7. O que se deixou dito referentemente aos normativos adjectivos criminais
decorrentes da Lei n.º 59/98 não é alterado perspectivando a alteração que, ao
Código de Processo Penal, foi introduzida pelo Decreto-Lei n.º 320-C/2000.
Neste aspecto, adere-se à entidade recorrente quando a mesma afirma que não “se
vê facilmente a que título e com que fundamento - tais normas poderiam ser
convocáveis e aplicáveis à dirimição da concreta situação procedimental debatida
, face, nomeadamente, ao preceituado no artigo 5º do Código de Processo Penal:
aplicação imediata, da lei nova sem prejuízo da validade dos actos realizados na
vigência da lei anterior; ora, tendo a audiência assentado precisamente na
expressa invocação do regime que constava do n.º 3 do artigo 334º (fls. 86),
disposição derrogada pelo Decreto-Lei n.º 320-C/2000 (passando a situação de
‘notificação edital, aí prevista, a diluir-se nos casos de ‘regular
notificação’’ do arguido para a audiência, previstos no artigo 333º, n.º 1, como
decorrência do novo regime de notificação presumida no domicílio do notificando,
mediante carta simples (artigo 313º, n.º 3, da versão actual do Código de
Processo Penal), não se vê a que título seria possível ‘convolar’ do regime
adjectivo, vigente em 1998, para o subsequente do Decreto-Lei n.º 320-C/2000”, e
que serão “irrelevantes as alterações legislativas introduzidas em 2000 no
regime de notificações para a audiência já que - como se referiu - no caso dos
autos o arguido foi pessoalmente notificado da data em que a mesma se iria
realizar (o que naturalmente nos dispensa de apreciar as questões da
suficiência, para tal fim, quer da notificação ‘edital’ prevista no n.º 3 do
artigo 334º, na versão de 1998, quer da notificação por carta simples,
estabelecida no actual artigo 313º, n.º 3, do Código de Processo Penal”.

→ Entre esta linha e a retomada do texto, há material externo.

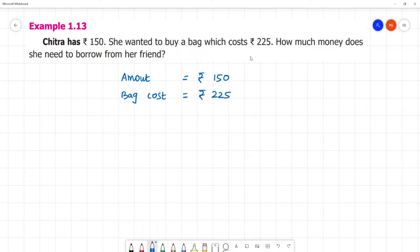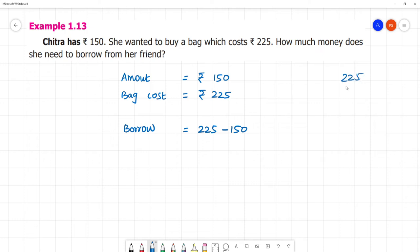How much does she need to borrow from her friend? She needs to borrow rupees 75.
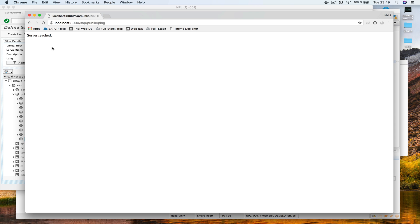So we have now successfully installed SAP NetWeaver ABAP 7.51 SP2 trial edition into Docker, running here in my case on macOS High Sierra. In the next tutorials I'm going to show you what you can do with this — for example, connecting this system to our SAP Cloud Platform trial account. Thanks for watching, see you soon.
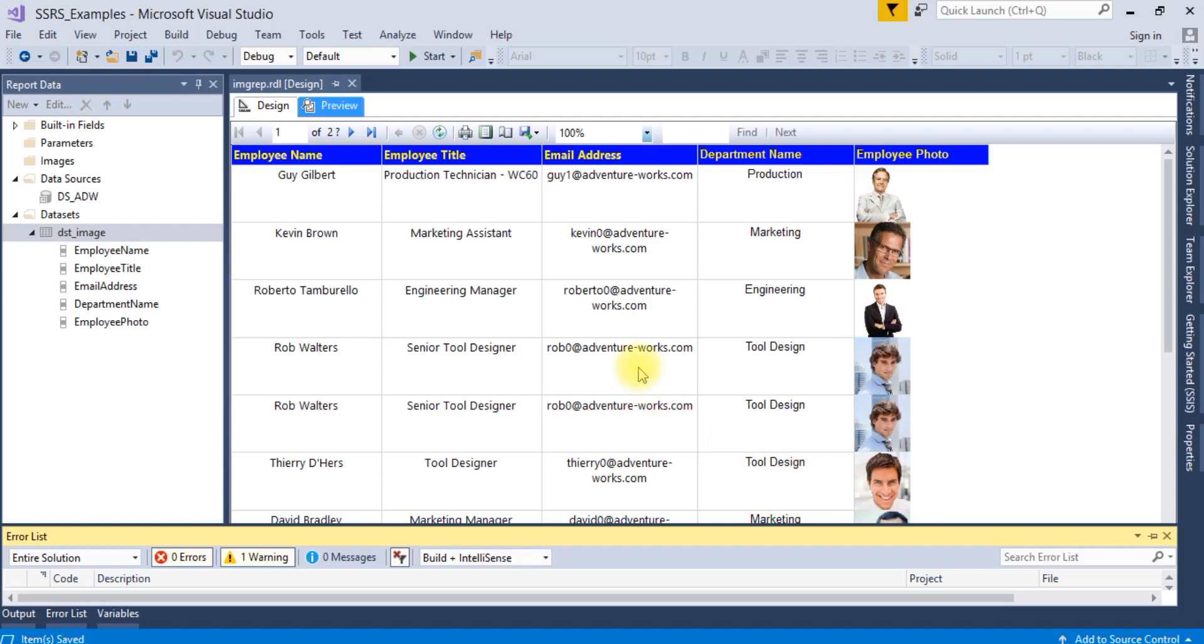So this is the way you can display database stored images to the SSRS reports.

8. Significa isto que a aplicação dos normativos acima focados aponta para que,
nos casos em que o arguido foi julgado na sua ausência (e é esta a hipótese do
caso sub specie, pois que se não trata, no mesmo, de uma situação em que o
arguido esteve presente nas sessões de audiência, excepto na da leitura da
sentença, situação essa em que, eventualmente, se poderia colocar a questão de
saber se do n.º 3 do art.º 373º da indicada versão do Código de Processo Penal
resultava a desnecessidade de notificação pessoal desse arguido da sentença) o
mesmo deve ser notificado pessoalmente da sentença logo que for detido ou se
apresentar voluntariamente, não se podendo contar o prazo para impugnar a
sentença ou para requerer novo julgamento se essa notificação não for levada a
efeito.
Mas, se assim é, então concluir-se-á que se não vislumbra em que medida é que
tais normativos poderão contender com o disposto nos números 1 e 6 do artigo 32º
da Constituição.
Em consequência, a interpretação que se deixou efectuada, porque se não mostra
desconforme com indicados preceitos constitucionais, deverá ser aquela que, no
vertente processo, deverá ser aplicada (n.º 3 do art.º 80º da Lei n.º 28/82).»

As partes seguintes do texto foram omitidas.